▸ Assigned task
The whole listing below should be retyped exactly, without any images.

▸ Input data
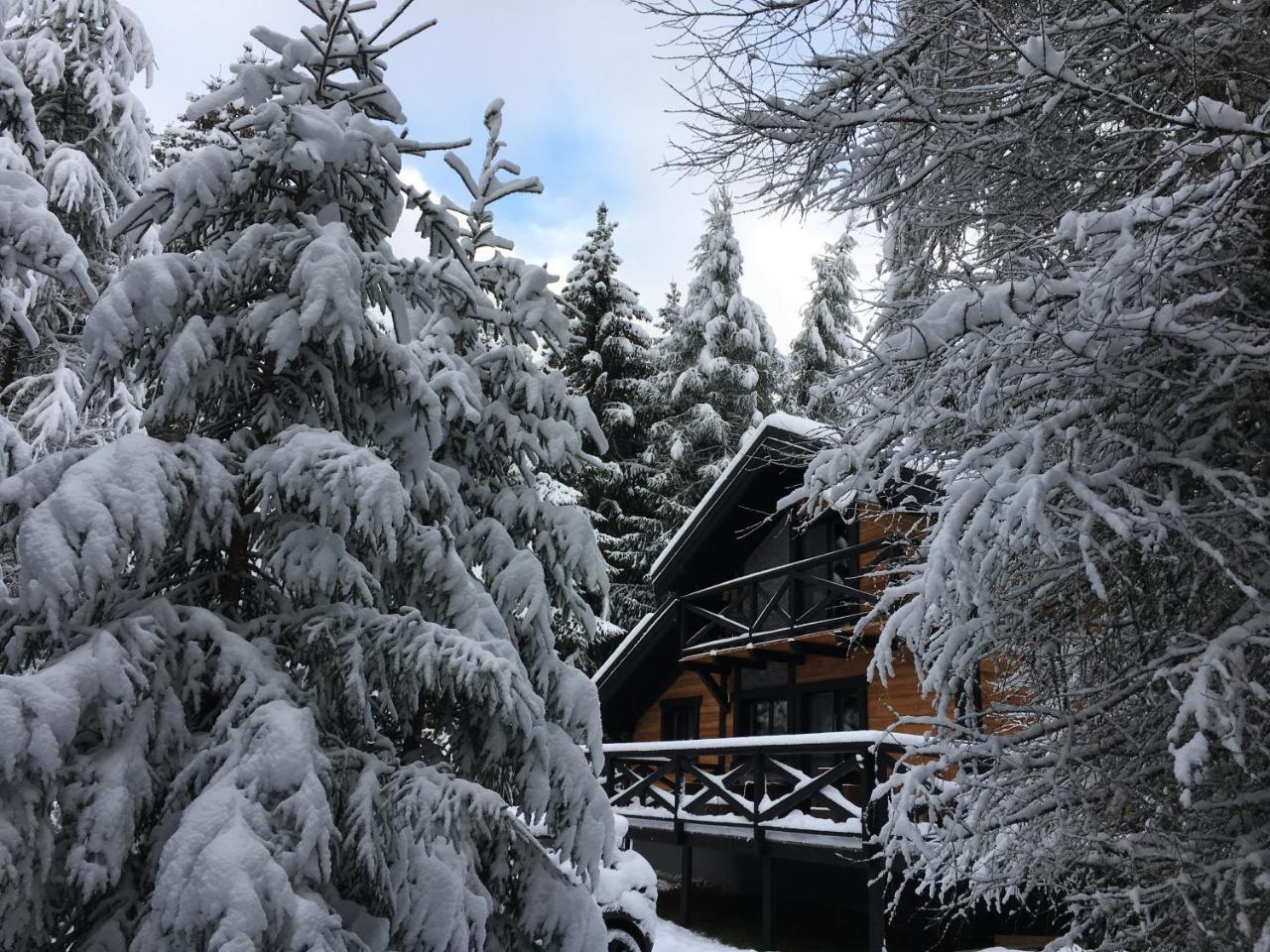 Chalet Rackova Dolina Βίλα Pribylina Εξωτερικό φωτογραφία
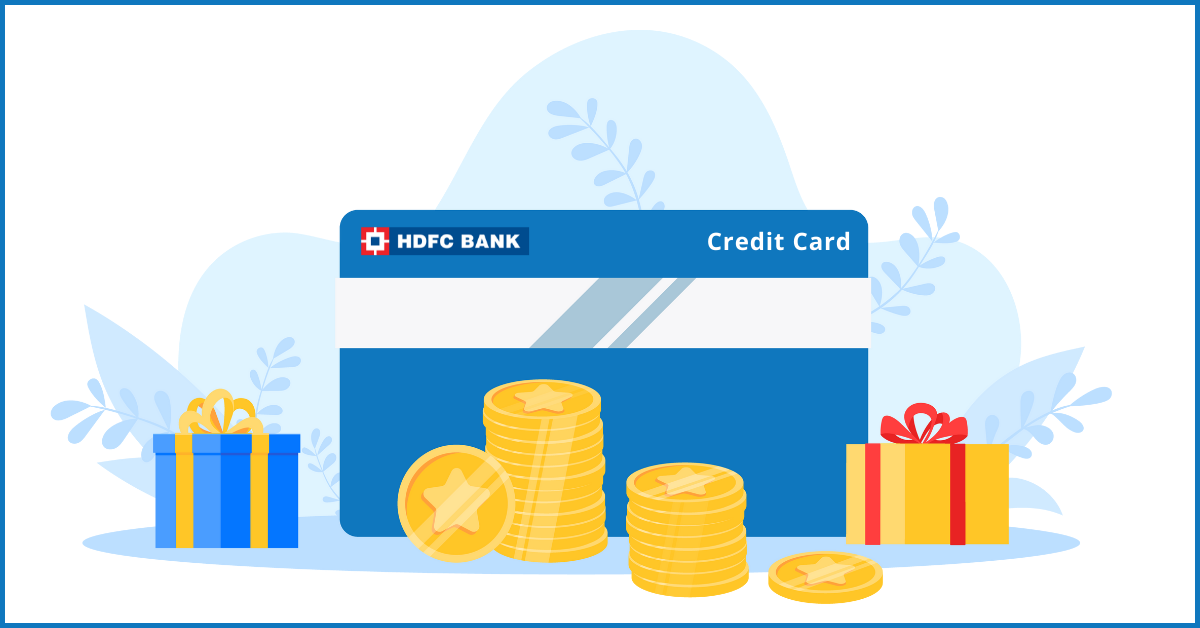 how to redeem hdfc credit card reward points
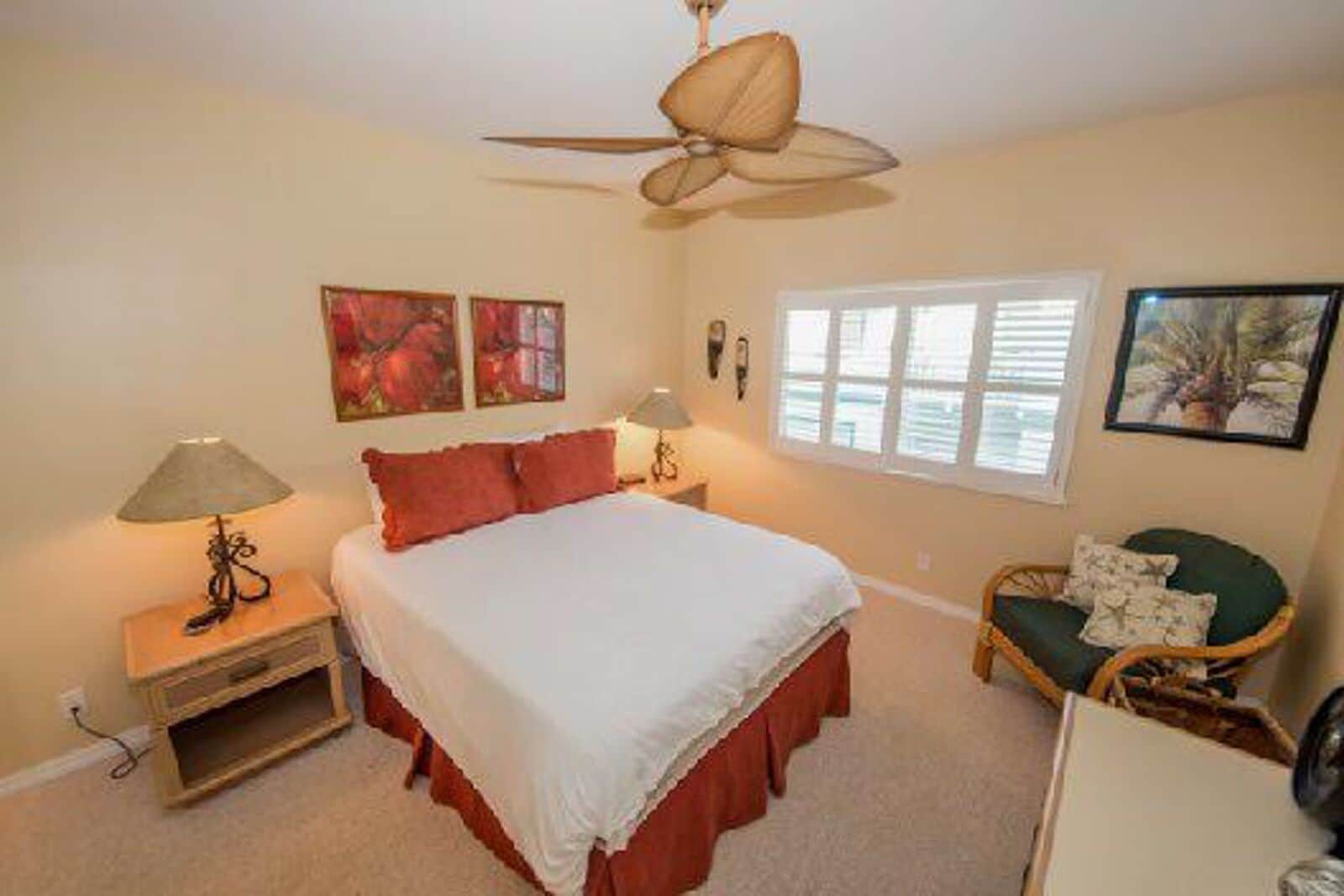 3 bedrooms, iron/ironing board, WiFi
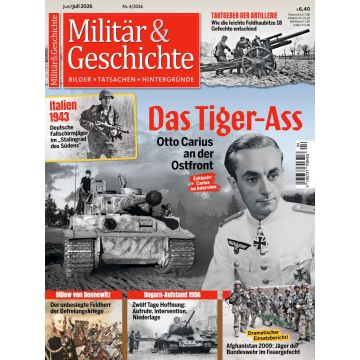 Militär und Geschichte 4/2026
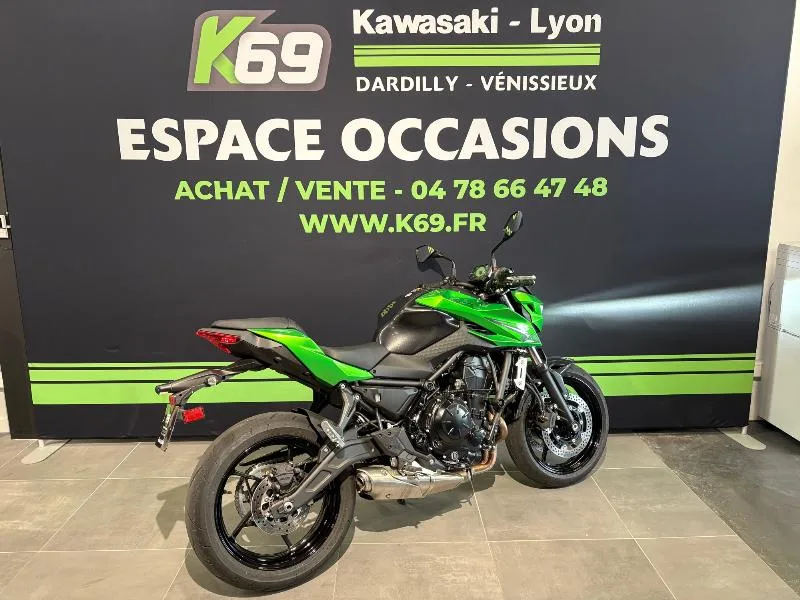 Z 650 S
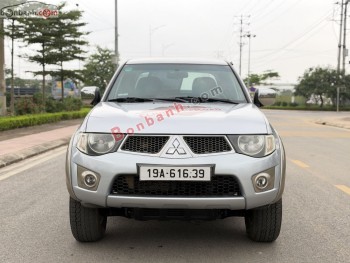 Bán ô tô Mitsubishi Triton GLS 4x4 MT - 2009 - xe cũ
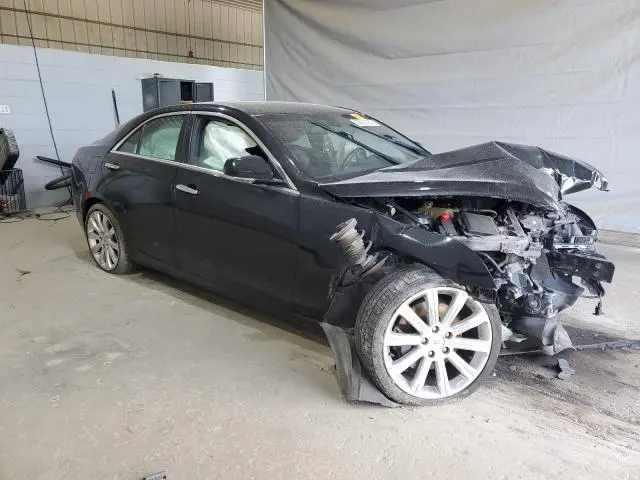 2014 CADILLAC ATS LUXURY  
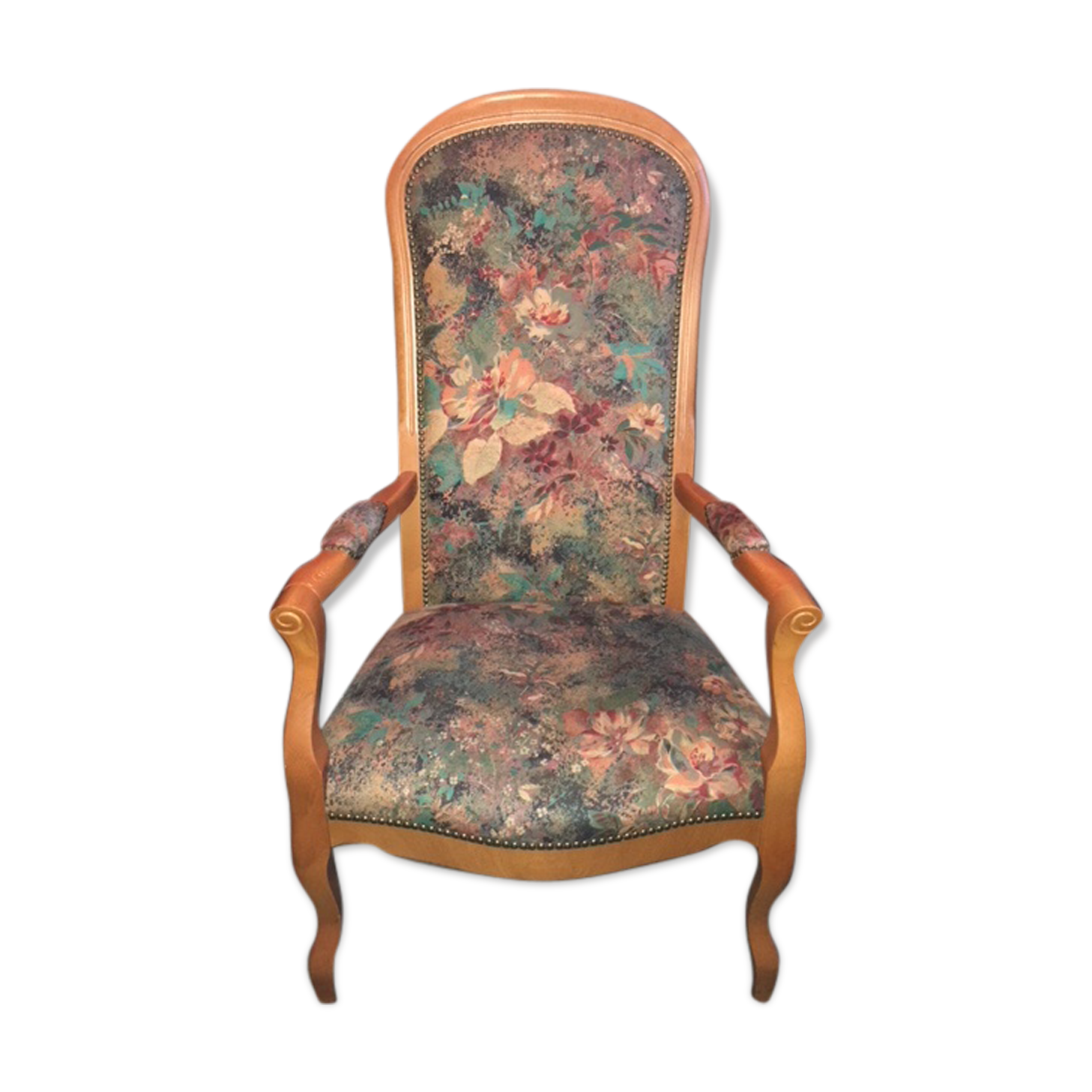 Armchair voltaire early twentieth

▸ The completed task
 Chalet Rackova Dolina Βίλα Pribylina Εξωτερικό φωτογραφία
 how to redeem hdfc credit card reward points
 3 bedrooms, iron/ironing board, WiFi
 Militär und Geschichte 4/2026
 Z 650 S
 Bán ô tô Mitsubishi Triton GLS 4x4 MT - 2009 - xe cũ
 2014 CADILLAC ATS LUXURY  
 Armchair voltaire early twentieth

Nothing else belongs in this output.